Recorded data >>
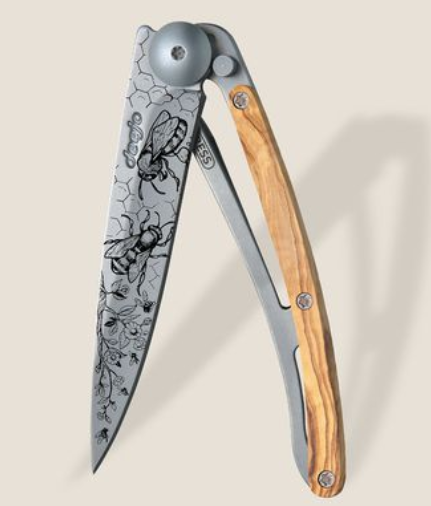 DEEJO KNIVES - 27G OLIVE WOOD/ BEES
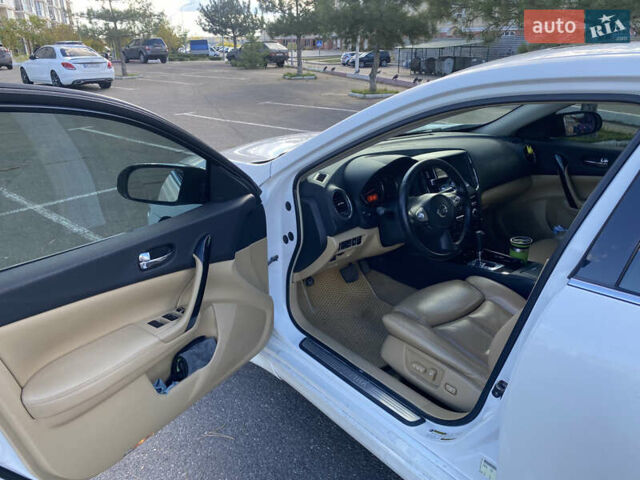 Білий Ніссан Максіма, об'ємом двигуна 3.5 л та пробігом 230 тис. км за 10500 $, фото 2 на Automoto.ua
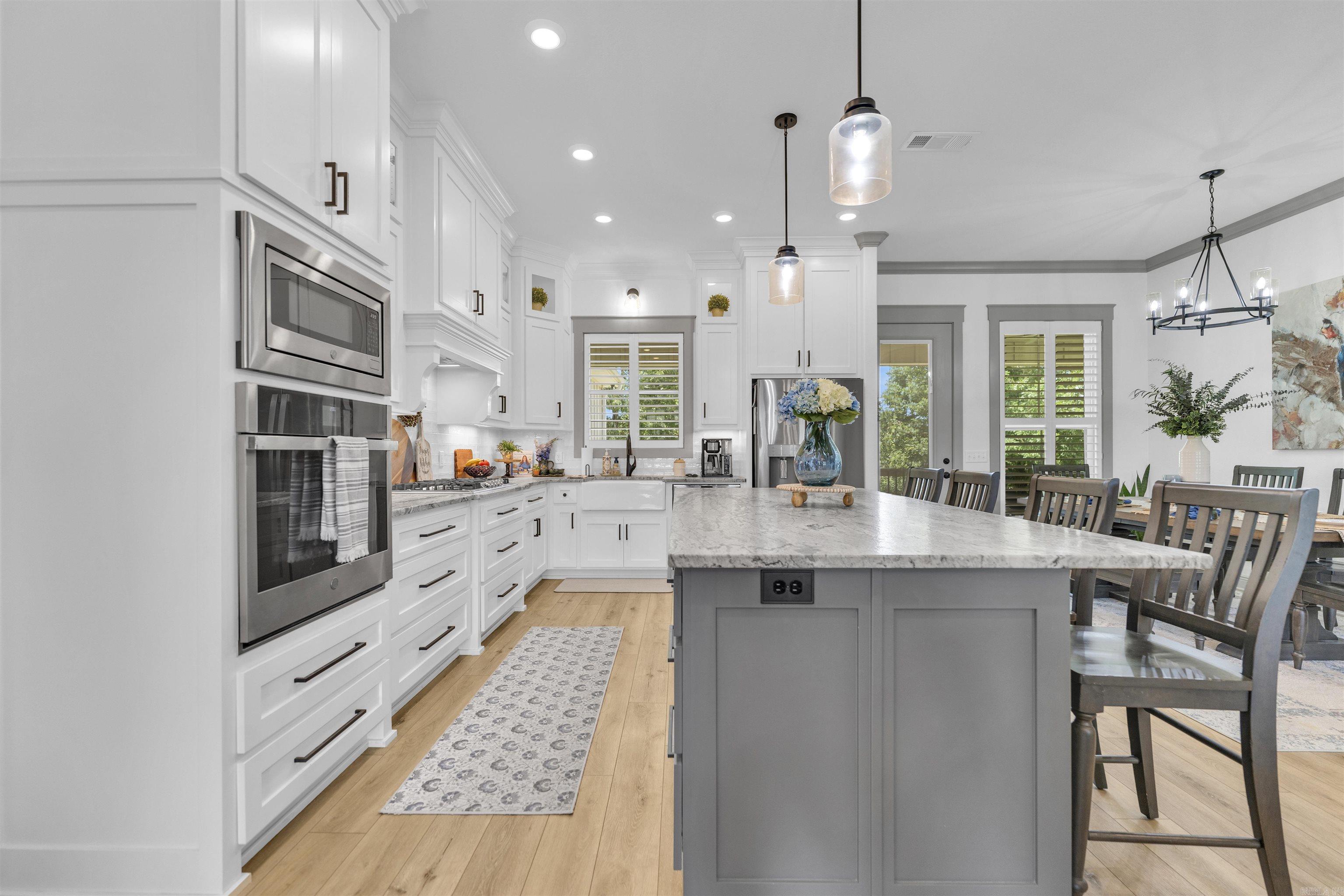 THE VILLAGE AT PRAIRIE CREEK - Residential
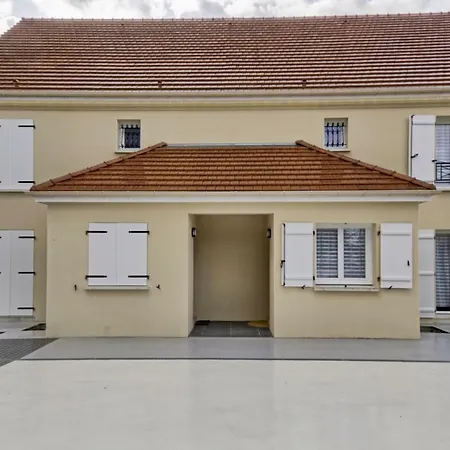Des Parcs 2 Hébergement de vacances Villeneuve-Saint-Denis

Assignment >> I need the lines from the line holding "Білий Ніссан Максіма, об'ємом" through the end of the material, inclusive, restated word for word and without pictures.

Exercise answer >>
 Білий Ніссан Максіма, об'ємом двигуна 3.5 л та пробігом 230 тис. км за 10500 $, фото 2 на Automoto.ua
 THE VILLAGE AT PRAIRIE CREEK - Residential
Des Parcs 2 Hébergement de vacances Villeneuve-Saint-Denis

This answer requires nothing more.